The right-hand keyboard of a piano accordion is attached to the side of a traditional button accordion. When played, the instrument produces acoustics that are more akin to an organ than a piano, despite its name. Unlike a traditional piano keyboard, which is played horizontally with both hands, the keys on a piano accordion are played vertically with only one hand. The keys on this instrument are smaller and more rounded than those on a traditional piano. Although the instrument is usually presented in a right-handed manner, it can be modified or built to be used in a left-handed manner.
The bellows and the piano are the two main components of the piano accordion. The bellows are the wind instrument’s “squeezebox,” and they contain brass or steel reeds that resonate and produce sound when air is pushed over them. More reeds are contained in larger bellows, giving the piano accordion a wider musical range.
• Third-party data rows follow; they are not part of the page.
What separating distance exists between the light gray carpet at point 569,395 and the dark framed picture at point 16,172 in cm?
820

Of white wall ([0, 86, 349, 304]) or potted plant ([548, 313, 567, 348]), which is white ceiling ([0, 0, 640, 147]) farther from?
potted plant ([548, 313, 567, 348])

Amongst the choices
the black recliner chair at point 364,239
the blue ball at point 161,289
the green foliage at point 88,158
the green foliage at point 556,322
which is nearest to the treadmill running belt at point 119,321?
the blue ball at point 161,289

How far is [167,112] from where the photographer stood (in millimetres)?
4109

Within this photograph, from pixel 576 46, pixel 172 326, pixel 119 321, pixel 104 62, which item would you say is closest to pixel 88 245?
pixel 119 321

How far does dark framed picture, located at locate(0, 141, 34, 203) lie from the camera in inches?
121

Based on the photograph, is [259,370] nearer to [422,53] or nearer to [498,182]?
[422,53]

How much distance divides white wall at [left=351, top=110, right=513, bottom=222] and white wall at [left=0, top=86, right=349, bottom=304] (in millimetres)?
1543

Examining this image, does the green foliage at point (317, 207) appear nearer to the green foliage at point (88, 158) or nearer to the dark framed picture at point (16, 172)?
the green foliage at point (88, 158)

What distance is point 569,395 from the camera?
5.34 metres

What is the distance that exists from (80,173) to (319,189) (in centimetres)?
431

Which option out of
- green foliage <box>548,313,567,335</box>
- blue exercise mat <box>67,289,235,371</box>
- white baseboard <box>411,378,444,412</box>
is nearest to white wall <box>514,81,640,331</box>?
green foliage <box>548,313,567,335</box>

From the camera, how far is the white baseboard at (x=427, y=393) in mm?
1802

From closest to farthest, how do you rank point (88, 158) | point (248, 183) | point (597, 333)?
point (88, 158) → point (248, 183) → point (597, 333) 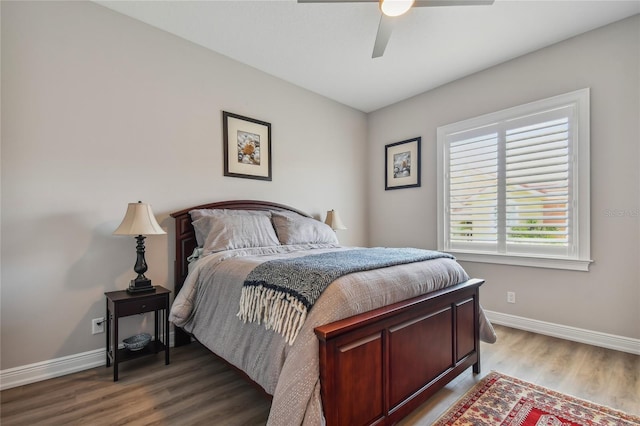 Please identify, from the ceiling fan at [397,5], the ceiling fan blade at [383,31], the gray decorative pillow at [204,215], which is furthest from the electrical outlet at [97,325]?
the ceiling fan blade at [383,31]

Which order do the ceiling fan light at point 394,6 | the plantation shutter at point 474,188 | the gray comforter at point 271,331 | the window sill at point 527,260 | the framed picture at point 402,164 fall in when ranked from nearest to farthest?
the gray comforter at point 271,331
the ceiling fan light at point 394,6
the window sill at point 527,260
the plantation shutter at point 474,188
the framed picture at point 402,164

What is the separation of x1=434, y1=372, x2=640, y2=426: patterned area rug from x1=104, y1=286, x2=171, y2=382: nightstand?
202 centimetres

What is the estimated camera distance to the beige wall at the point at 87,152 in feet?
6.84

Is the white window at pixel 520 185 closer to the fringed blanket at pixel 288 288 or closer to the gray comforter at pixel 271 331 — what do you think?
the gray comforter at pixel 271 331

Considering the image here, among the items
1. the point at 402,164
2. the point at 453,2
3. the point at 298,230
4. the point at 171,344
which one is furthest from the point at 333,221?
the point at 453,2

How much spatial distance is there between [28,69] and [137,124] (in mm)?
725

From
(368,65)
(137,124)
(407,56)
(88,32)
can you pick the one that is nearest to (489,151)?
(407,56)

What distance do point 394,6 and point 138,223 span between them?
2.32 meters

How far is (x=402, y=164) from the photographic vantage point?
430cm

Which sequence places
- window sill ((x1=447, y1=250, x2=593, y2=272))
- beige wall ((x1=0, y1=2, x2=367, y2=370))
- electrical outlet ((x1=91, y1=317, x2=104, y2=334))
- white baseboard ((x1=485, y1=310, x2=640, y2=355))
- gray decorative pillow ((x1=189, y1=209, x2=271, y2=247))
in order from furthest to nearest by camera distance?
window sill ((x1=447, y1=250, x2=593, y2=272))
gray decorative pillow ((x1=189, y1=209, x2=271, y2=247))
white baseboard ((x1=485, y1=310, x2=640, y2=355))
electrical outlet ((x1=91, y1=317, x2=104, y2=334))
beige wall ((x1=0, y1=2, x2=367, y2=370))

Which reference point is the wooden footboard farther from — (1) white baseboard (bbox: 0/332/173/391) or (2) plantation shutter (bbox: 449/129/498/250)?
(1) white baseboard (bbox: 0/332/173/391)

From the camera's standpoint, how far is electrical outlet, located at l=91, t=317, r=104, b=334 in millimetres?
2357

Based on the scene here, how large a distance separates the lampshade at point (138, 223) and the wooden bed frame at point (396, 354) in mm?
1659

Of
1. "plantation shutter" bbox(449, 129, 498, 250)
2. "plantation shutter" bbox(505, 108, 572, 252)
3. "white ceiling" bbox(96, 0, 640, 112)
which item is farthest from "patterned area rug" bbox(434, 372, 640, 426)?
"white ceiling" bbox(96, 0, 640, 112) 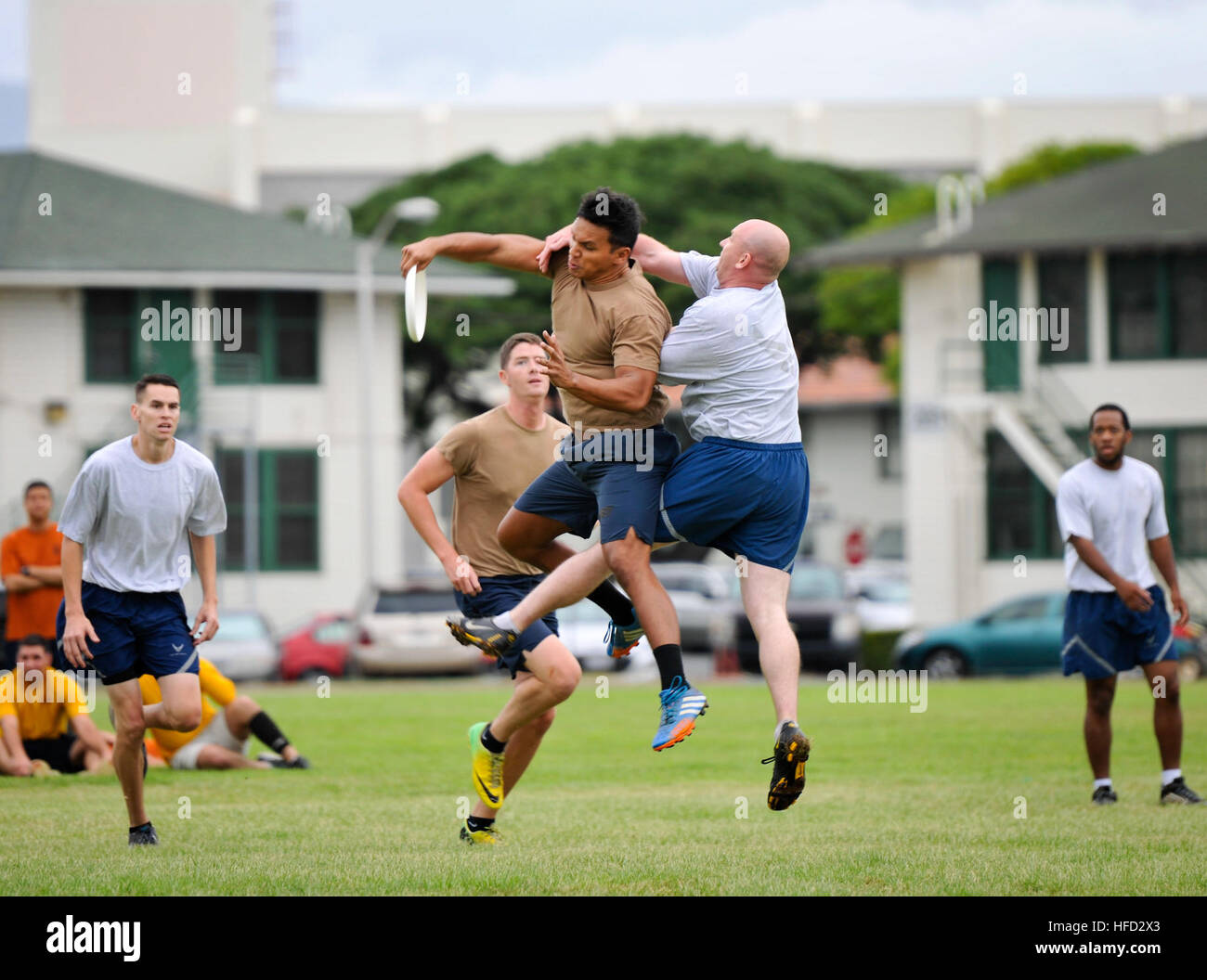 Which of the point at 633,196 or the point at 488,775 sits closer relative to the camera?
the point at 488,775

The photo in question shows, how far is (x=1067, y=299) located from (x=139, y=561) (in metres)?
28.4

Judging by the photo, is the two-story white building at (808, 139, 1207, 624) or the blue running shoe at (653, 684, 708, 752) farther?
the two-story white building at (808, 139, 1207, 624)

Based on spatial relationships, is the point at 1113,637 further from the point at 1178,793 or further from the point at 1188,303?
the point at 1188,303

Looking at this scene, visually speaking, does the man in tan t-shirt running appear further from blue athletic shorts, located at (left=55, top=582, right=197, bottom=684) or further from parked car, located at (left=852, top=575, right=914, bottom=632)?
parked car, located at (left=852, top=575, right=914, bottom=632)

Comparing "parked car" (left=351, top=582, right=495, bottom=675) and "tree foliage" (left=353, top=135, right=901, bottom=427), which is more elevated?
"tree foliage" (left=353, top=135, right=901, bottom=427)

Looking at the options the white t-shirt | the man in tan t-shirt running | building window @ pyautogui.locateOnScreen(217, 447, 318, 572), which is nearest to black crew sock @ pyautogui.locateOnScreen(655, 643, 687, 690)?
the man in tan t-shirt running

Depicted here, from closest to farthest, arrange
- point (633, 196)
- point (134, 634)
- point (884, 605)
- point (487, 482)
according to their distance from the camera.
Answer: point (134, 634) → point (487, 482) → point (884, 605) → point (633, 196)

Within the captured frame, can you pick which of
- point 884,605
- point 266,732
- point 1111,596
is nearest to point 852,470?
point 884,605

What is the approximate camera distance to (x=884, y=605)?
38.8 metres

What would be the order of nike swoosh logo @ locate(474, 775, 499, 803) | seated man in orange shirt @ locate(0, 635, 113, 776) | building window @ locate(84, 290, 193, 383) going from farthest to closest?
building window @ locate(84, 290, 193, 383) → seated man in orange shirt @ locate(0, 635, 113, 776) → nike swoosh logo @ locate(474, 775, 499, 803)

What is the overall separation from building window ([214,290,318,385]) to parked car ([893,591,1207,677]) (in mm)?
14687

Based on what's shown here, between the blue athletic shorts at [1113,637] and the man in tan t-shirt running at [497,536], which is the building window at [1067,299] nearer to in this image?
the blue athletic shorts at [1113,637]

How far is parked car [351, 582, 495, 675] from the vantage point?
2902 cm

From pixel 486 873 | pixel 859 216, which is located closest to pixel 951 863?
pixel 486 873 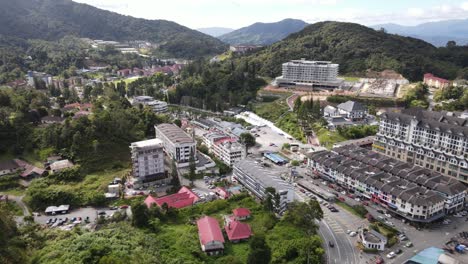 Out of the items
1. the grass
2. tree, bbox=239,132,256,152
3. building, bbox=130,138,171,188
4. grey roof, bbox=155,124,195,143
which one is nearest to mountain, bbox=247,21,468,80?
tree, bbox=239,132,256,152

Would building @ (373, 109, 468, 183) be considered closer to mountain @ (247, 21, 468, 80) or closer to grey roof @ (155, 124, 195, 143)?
grey roof @ (155, 124, 195, 143)

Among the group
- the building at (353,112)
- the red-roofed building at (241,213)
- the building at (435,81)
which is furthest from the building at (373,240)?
the building at (435,81)

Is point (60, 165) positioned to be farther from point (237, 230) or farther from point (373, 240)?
point (373, 240)

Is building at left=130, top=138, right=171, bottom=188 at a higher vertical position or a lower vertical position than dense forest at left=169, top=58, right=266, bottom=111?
lower

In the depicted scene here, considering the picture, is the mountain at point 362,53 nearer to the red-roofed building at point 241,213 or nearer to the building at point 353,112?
the building at point 353,112

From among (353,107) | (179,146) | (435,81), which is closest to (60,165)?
(179,146)

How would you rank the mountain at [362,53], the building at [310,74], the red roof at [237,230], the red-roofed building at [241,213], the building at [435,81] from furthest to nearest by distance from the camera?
1. the mountain at [362,53]
2. the building at [310,74]
3. the building at [435,81]
4. the red-roofed building at [241,213]
5. the red roof at [237,230]

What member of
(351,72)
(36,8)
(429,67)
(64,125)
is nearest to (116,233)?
(64,125)

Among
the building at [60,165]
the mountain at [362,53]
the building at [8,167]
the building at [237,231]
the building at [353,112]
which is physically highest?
the mountain at [362,53] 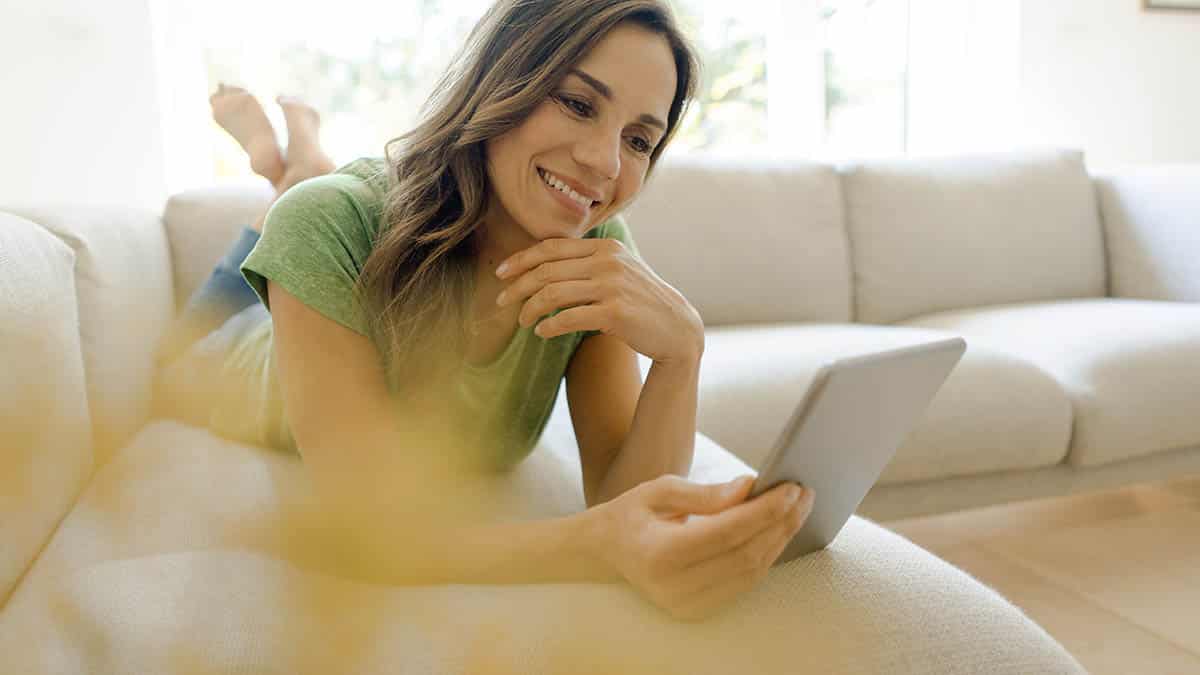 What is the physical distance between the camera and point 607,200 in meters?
0.89

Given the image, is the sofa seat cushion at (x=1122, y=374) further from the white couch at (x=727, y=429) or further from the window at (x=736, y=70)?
the window at (x=736, y=70)

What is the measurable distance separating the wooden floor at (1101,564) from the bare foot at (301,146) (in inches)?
51.7

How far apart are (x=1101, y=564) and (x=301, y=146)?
1.62 meters

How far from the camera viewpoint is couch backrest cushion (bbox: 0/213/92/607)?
0.20 metres

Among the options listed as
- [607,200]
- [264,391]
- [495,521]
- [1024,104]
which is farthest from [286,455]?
[1024,104]

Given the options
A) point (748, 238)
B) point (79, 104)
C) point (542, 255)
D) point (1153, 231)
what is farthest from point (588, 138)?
point (1153, 231)

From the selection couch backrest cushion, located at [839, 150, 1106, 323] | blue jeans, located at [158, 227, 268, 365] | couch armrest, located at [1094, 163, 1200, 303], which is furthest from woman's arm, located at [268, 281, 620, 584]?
couch armrest, located at [1094, 163, 1200, 303]

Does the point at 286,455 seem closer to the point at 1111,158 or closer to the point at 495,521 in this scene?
the point at 495,521

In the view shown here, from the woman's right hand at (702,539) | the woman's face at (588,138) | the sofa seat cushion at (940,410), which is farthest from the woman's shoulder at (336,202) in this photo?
the sofa seat cushion at (940,410)

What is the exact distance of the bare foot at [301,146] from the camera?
1.56 meters

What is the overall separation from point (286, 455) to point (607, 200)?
476 millimetres

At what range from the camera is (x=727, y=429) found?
137cm

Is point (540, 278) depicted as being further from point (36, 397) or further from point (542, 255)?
point (36, 397)

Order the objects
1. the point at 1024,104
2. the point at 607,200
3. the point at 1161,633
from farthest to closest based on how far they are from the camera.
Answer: the point at 1024,104 < the point at 1161,633 < the point at 607,200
The piano includes the seven traditional C scale notes — A, B, C, D, E, F, and G — as well as the sharp and flat notes found in the C scale range. The more octaves that can be played, the larger the instrument; most full-sized adult-sized piano accordions have three octaves.
An accordionist must continuously push or pull on the bellows with one hand while playing assigned piano keys with the other hand to produce music from the instrument. When the keys are pressed, valves in the accordion’s bellows open, allowing air to flow across specific reeds, which vibrate and produce sound. The instrument is suitable for a wide range of musical genres, including folk, classical, and even contemporary pop and rock.
The first piano accordion was introduced in Paris in 1852, and it was showcased Mattaus Bauer, a German piano accordion builder. The piano accordion was brought to the United States European immigrants and became a well-known instrument the turn of the century. Performers like Guido Deiro played the instrument on stage and on radio shows as Vaudeville grew in popularity. By the 1970s, the piano accordion had surpassed the traditional accordion in popularity, with musicians in the United States, Scandinavia, Scotland, Italy, France, and Australia using it.